In my previous post (Asynchronous Sequences and Polymorphic Streams) I noted how the fact that iteration in Smalltalk and Objecive-S is done via messages and blocks means that there is no separate concept of a "loop-variable", that is just an argument to the block.

Conditionals are handled the same way, with blocks and messages, but normally don't pass arguments to their argument blocks, because in normal conditionals those arguments would always be just the constants true or false. Not very interesting.
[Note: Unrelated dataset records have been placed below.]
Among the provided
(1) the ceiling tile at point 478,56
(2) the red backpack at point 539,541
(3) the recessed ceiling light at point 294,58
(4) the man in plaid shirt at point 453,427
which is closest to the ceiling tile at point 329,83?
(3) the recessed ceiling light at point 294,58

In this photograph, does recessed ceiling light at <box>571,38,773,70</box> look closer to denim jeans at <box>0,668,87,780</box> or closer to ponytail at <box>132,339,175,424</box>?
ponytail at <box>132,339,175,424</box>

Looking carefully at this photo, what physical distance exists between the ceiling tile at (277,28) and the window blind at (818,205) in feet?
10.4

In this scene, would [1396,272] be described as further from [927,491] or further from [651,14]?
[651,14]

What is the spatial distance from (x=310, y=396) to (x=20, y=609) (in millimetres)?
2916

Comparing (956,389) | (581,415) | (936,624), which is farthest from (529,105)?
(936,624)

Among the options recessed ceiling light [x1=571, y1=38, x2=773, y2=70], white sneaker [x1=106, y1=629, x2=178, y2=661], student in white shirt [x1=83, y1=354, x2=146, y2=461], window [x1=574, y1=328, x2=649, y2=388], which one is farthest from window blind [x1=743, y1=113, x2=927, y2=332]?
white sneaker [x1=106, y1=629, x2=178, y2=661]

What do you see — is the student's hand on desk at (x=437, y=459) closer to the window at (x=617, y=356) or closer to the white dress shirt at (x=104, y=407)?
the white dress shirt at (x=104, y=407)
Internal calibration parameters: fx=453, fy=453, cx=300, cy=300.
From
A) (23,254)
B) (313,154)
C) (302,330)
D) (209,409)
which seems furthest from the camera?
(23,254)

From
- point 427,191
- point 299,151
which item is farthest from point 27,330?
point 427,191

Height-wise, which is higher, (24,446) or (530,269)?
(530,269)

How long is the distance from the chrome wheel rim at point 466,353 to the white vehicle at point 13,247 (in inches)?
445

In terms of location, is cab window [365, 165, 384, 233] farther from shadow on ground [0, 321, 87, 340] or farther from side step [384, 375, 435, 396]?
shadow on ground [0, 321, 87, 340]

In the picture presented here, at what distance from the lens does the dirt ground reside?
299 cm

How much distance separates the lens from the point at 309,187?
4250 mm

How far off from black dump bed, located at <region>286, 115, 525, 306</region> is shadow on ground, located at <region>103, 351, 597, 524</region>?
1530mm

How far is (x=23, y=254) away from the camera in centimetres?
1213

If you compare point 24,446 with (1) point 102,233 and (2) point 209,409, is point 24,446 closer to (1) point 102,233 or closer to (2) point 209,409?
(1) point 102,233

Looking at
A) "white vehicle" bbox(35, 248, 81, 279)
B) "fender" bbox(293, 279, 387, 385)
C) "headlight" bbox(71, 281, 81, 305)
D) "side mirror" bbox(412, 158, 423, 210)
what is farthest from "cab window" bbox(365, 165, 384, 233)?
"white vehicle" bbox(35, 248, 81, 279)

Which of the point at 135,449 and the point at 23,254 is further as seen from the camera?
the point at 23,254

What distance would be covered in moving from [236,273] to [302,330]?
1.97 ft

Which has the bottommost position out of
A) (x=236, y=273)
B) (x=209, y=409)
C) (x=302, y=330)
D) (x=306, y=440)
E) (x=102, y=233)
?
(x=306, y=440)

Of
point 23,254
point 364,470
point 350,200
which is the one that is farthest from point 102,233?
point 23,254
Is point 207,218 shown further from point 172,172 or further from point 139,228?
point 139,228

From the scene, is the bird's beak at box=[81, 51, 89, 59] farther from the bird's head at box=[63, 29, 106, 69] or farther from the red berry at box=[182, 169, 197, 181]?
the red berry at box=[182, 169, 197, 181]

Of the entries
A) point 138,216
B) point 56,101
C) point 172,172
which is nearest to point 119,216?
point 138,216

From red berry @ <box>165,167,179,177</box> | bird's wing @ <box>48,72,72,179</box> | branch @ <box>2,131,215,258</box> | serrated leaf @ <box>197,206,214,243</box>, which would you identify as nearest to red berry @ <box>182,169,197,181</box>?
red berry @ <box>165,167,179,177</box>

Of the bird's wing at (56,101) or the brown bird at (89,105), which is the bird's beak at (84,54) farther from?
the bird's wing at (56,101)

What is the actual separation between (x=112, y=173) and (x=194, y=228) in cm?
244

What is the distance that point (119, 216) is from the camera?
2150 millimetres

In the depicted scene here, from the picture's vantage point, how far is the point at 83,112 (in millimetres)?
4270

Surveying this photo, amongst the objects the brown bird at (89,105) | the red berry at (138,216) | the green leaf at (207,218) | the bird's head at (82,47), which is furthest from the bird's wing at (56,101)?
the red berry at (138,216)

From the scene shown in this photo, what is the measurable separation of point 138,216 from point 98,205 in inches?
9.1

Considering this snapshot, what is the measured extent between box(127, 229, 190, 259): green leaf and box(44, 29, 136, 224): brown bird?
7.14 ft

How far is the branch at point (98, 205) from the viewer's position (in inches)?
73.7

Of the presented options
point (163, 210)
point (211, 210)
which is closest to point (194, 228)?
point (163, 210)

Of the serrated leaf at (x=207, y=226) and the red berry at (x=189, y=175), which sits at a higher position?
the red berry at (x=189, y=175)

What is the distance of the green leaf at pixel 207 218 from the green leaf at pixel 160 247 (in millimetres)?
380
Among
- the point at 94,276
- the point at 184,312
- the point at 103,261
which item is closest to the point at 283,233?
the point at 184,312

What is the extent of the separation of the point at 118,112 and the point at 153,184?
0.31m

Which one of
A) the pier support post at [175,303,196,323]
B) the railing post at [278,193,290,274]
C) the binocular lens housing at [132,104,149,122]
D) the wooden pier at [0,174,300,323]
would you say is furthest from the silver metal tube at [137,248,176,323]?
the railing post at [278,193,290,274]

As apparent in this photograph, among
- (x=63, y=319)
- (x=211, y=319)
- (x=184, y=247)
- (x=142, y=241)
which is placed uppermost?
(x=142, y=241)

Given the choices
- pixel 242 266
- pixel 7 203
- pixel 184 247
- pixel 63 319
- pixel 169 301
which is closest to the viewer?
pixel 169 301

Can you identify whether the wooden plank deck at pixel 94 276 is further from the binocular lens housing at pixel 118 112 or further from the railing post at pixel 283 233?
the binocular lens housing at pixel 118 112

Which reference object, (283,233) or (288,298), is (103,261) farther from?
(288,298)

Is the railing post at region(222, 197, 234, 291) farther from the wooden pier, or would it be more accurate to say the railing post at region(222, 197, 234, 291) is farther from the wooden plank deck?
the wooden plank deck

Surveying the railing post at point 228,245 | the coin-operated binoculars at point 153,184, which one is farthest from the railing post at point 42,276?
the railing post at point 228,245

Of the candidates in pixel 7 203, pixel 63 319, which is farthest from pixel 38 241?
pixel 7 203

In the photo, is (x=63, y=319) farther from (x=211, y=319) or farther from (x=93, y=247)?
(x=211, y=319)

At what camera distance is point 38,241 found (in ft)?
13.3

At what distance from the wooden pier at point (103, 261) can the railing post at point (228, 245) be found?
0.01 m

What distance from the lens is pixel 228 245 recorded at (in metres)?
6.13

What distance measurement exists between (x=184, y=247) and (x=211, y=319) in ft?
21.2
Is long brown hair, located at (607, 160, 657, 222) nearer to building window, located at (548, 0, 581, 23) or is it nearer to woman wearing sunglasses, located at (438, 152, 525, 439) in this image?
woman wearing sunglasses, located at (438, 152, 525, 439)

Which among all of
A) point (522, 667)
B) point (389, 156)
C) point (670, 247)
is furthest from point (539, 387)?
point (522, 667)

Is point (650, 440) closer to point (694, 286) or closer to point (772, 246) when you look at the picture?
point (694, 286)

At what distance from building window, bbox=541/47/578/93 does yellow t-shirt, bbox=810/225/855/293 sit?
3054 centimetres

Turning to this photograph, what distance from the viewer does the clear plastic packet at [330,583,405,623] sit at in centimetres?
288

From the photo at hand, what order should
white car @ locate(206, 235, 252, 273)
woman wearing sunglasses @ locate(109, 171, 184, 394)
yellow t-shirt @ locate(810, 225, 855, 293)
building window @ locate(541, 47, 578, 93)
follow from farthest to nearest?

When I added ifNotNil: some time ago, I used the same logic, but it turns out the object is now actually potentially interesting. So ifNotNil: now passes the now-known-to-be-non-nil value to the block and can be used as follows:


value ifNotNil:{ :value |
    stdout println:value.
}

This doesn't eliminate the duplication, but does avoid the issue of having the newly introduced variable name precede the original variable. Well, that and the whole weird if let in the first place.
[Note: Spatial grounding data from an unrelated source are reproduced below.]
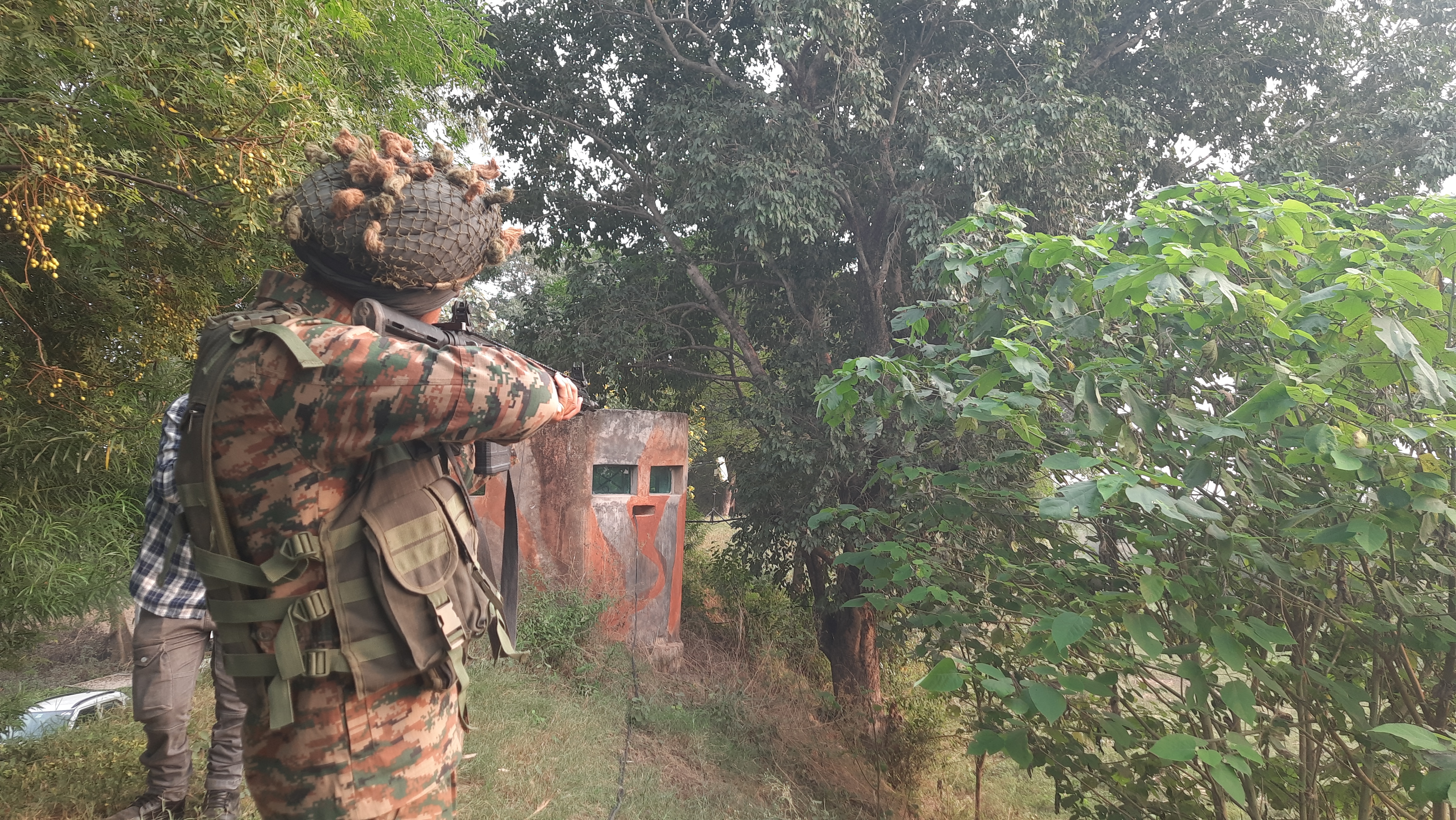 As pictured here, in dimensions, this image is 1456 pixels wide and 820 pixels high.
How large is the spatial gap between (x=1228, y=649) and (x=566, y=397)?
1956 millimetres

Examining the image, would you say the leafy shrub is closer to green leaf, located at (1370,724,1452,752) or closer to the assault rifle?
the assault rifle

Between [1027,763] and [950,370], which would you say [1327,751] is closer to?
[1027,763]

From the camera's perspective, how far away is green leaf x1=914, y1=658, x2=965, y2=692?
2482mm

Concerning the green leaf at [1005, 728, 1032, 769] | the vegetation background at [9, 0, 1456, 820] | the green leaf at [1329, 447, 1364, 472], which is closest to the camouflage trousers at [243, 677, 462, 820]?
the vegetation background at [9, 0, 1456, 820]

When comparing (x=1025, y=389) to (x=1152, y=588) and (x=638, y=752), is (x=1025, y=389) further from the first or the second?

With anonymous block arguments, we actually don't have to name the parameter at all:


value ifNotNil:{ stdout println:$0. }

Alternatively, we can just take advantage of some conveniensces and use a HOM instead:


value ifNotNil printOn:stdout.

Of course, Objective-S currently doesn't care about optionality, and with the current nil-eating behavior, the ifNotNil is not strictly necessary, you could just write it as follow:


value printOn:stdout.

I haven't really done much thinking about it, but the whole idea of optionality shouldn't really be handled in the space of values, but in the space of references. Which are first class objects in Objective-S.

So you don't ask a value if it is nil or not, you ask the variable if it contains a value:


ref:value ifBound:{ :value | ... }

To me that makes a lot more sense than having every type be accompanied by an optional type.

So if we were to care about optionality so in the future, we have the tools to create a sensible solution. And we can let if let just be.